TASK TO COMPLETE:
If pictures appear in the lines below, skip them and copy exactly the lines from the one containing "A figure with" through the one containing "老板灶具9大核心技術(shù),讓大火力更加均勻、穩(wěn)定", and nothing else.

DATA TO USE:

>>>

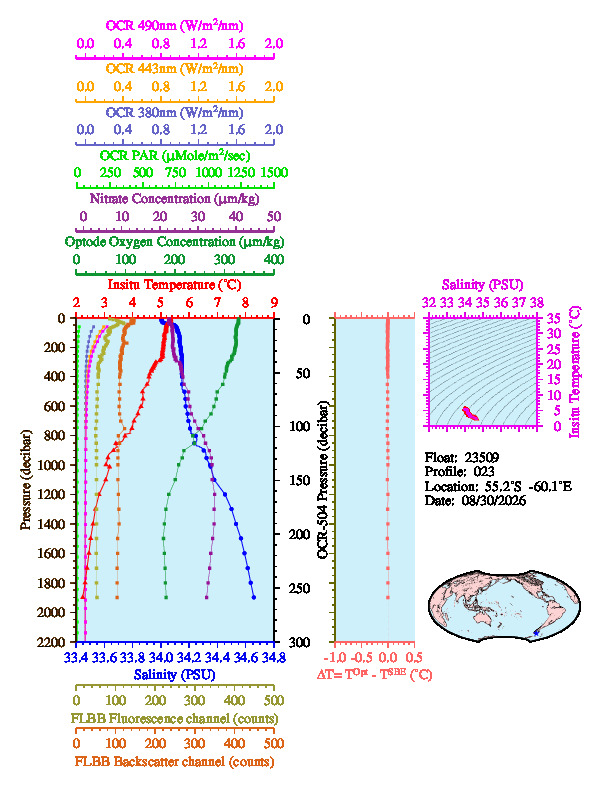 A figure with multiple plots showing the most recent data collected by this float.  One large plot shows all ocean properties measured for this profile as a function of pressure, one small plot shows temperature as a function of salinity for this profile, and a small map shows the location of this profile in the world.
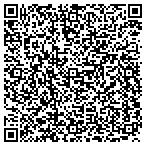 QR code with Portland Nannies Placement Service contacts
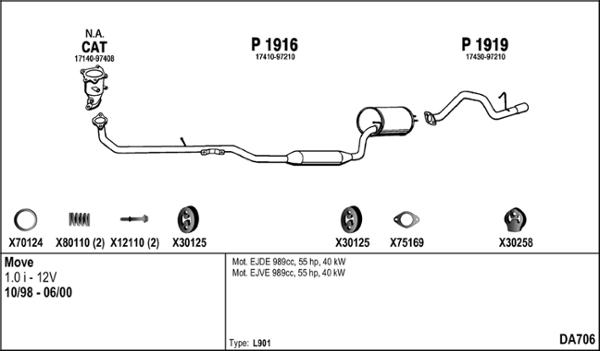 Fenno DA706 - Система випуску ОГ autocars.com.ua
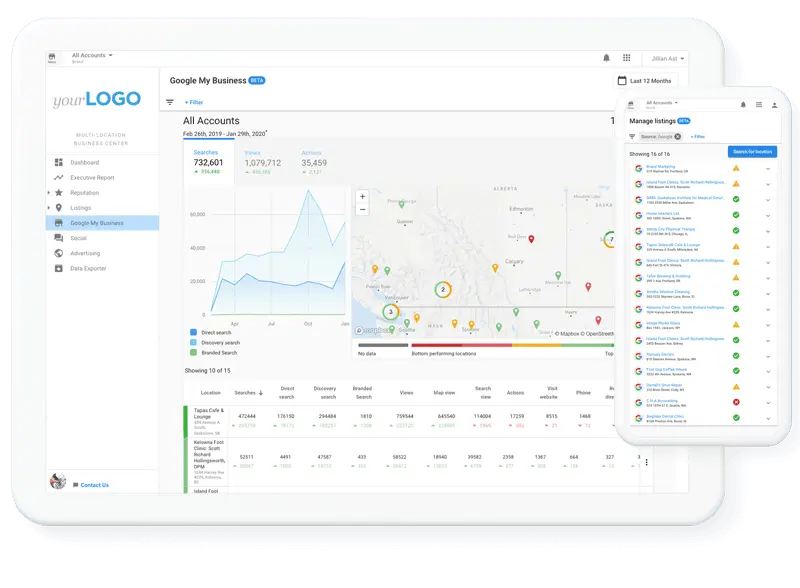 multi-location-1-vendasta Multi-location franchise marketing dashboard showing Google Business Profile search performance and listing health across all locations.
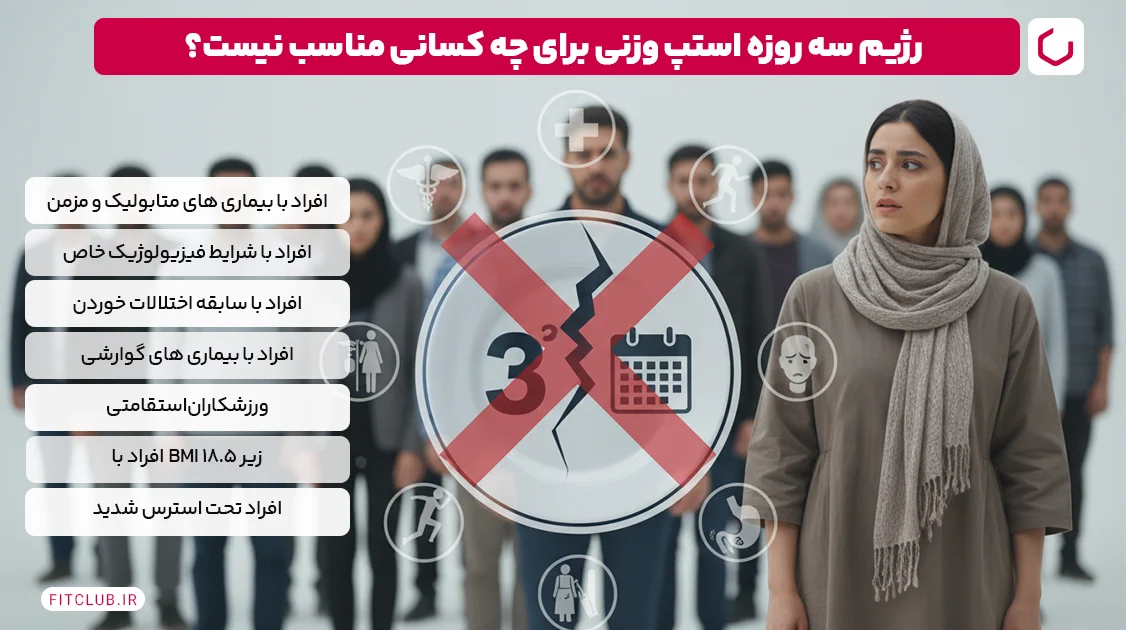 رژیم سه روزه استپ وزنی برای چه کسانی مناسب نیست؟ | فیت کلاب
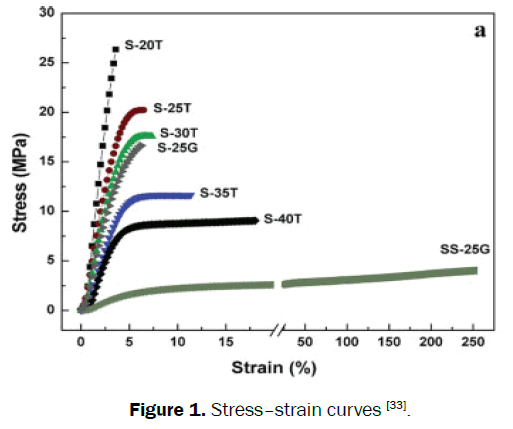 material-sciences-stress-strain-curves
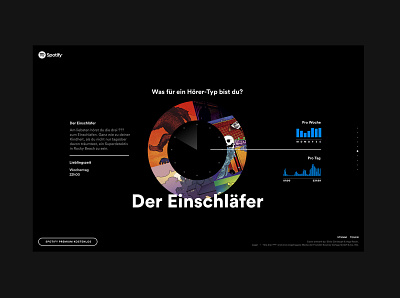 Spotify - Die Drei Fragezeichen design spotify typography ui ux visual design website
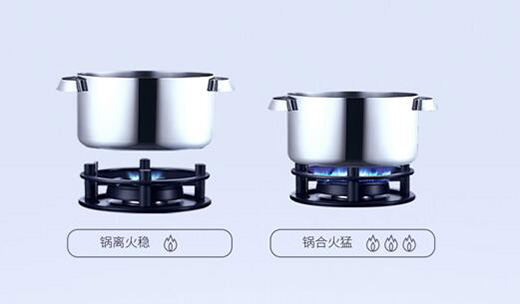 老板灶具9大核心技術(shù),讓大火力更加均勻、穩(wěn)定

<<<
>>>

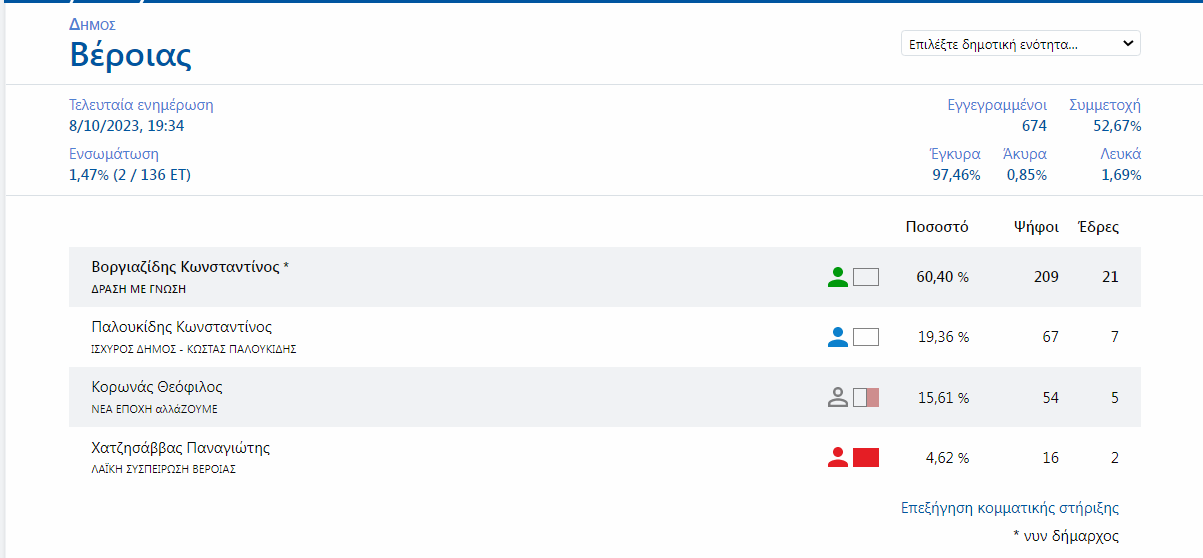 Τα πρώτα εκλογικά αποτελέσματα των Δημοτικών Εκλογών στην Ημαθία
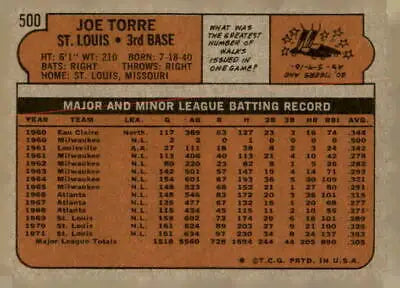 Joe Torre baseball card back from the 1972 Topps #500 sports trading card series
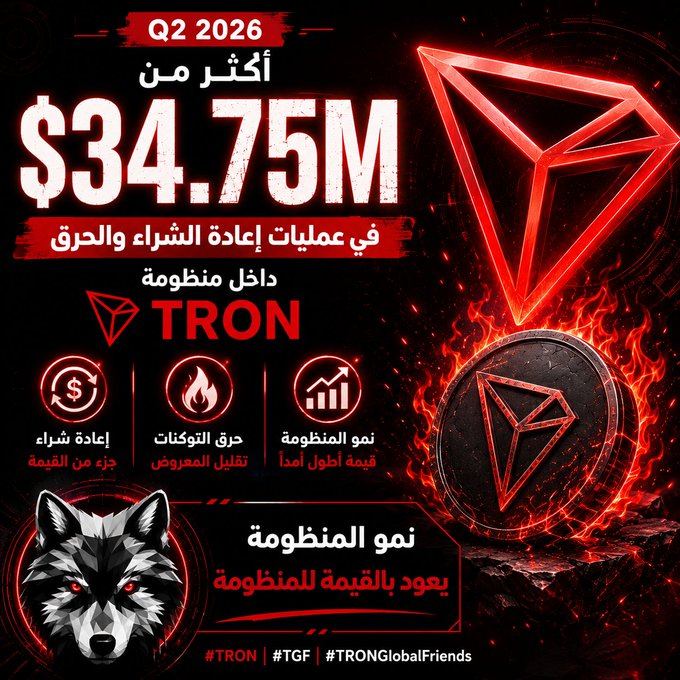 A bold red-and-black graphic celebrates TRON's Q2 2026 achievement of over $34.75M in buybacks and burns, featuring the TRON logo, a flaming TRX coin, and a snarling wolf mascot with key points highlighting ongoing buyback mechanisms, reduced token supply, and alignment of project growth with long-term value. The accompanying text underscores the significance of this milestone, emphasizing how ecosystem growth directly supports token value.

<<<

RESPONSE BELOW:
 A figure with multiple plots showing the most recent data collected by this float.  One large plot shows all ocean properties measured for this profile as a function of pressure, one small plot shows temperature as a function of salinity for this profile, and a small map shows the location of this profile in the world.
 QR code with Portland Nannies Placement Service contacts
 Fenno DA706 - Система випуску ОГ autocars.com.ua
 multi-location-1-vendasta Multi-location franchise marketing dashboard showing Google Business Profile search performance and listing health across all locations.
 رژیم سه روزه استپ وزنی برای چه کسانی مناسب نیست؟ | فیت کلاب
 material-sciences-stress-strain-curves
 Spotify - Die Drei Fragezeichen design spotify typography ui ux visual design website
 老板灶具9大核心技術(shù),讓大火力更加均勻、穩(wěn)定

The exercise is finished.